## Information provided
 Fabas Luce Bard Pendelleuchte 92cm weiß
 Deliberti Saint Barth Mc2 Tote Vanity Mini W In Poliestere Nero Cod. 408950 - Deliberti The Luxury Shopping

* * *

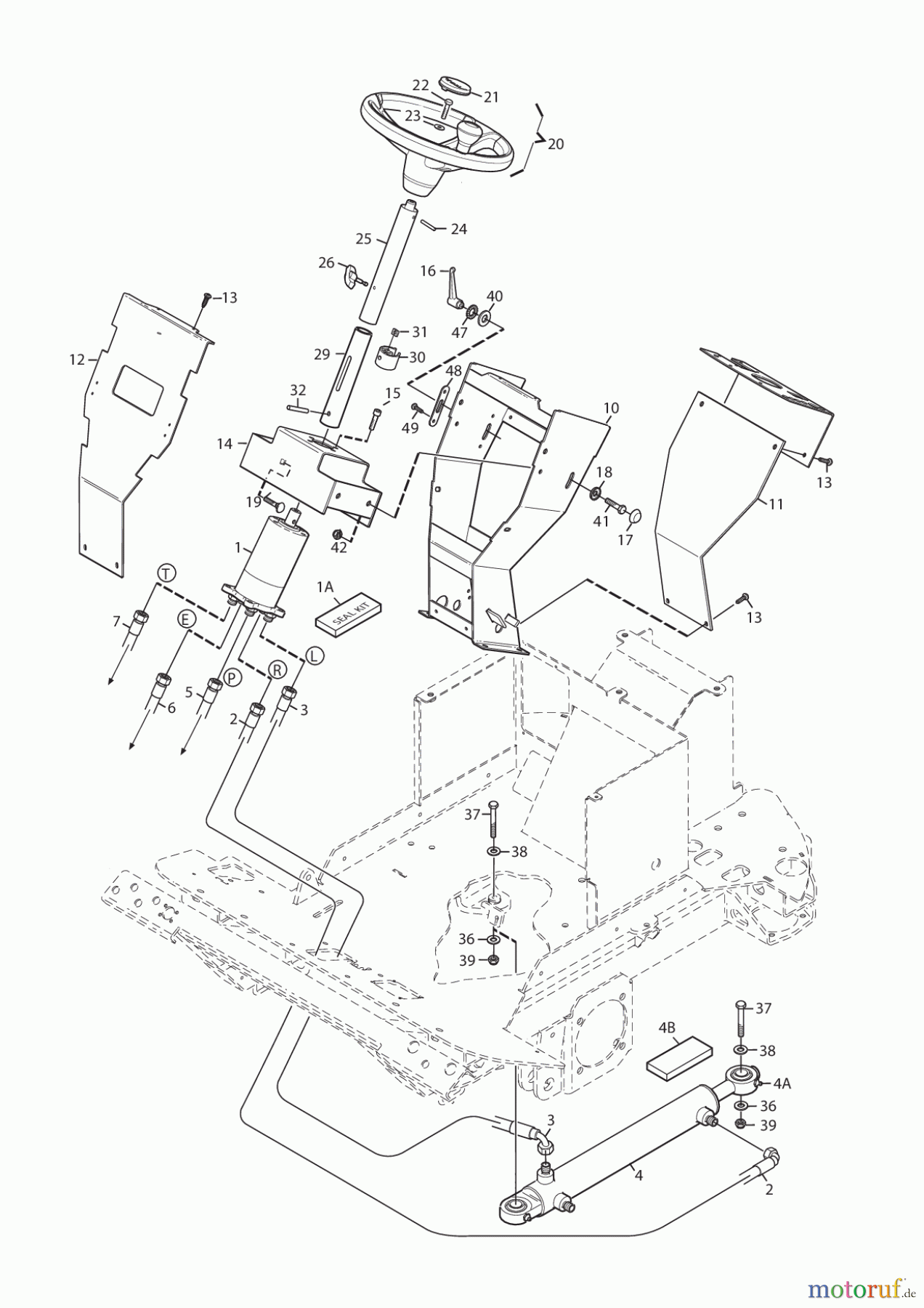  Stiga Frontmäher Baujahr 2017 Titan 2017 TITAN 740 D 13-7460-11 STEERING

==

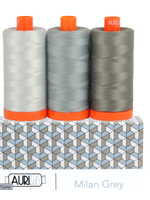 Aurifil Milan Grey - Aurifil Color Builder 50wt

## Problem details
Looking at the records above, return exactly the lines from the line with "Fabas Luce Bard Pendelleuchte 92cm weiß" to the line with "Deliberti Saint Barth", both ends included.

## Task result
 Fabas Luce Bard Pendelleuchte 92cm weiß
 Deliberti Saint Barth Mc2 Tote Vanity Mini W In Poliestere Nero Cod. 408950 - Deliberti The Luxury Shopping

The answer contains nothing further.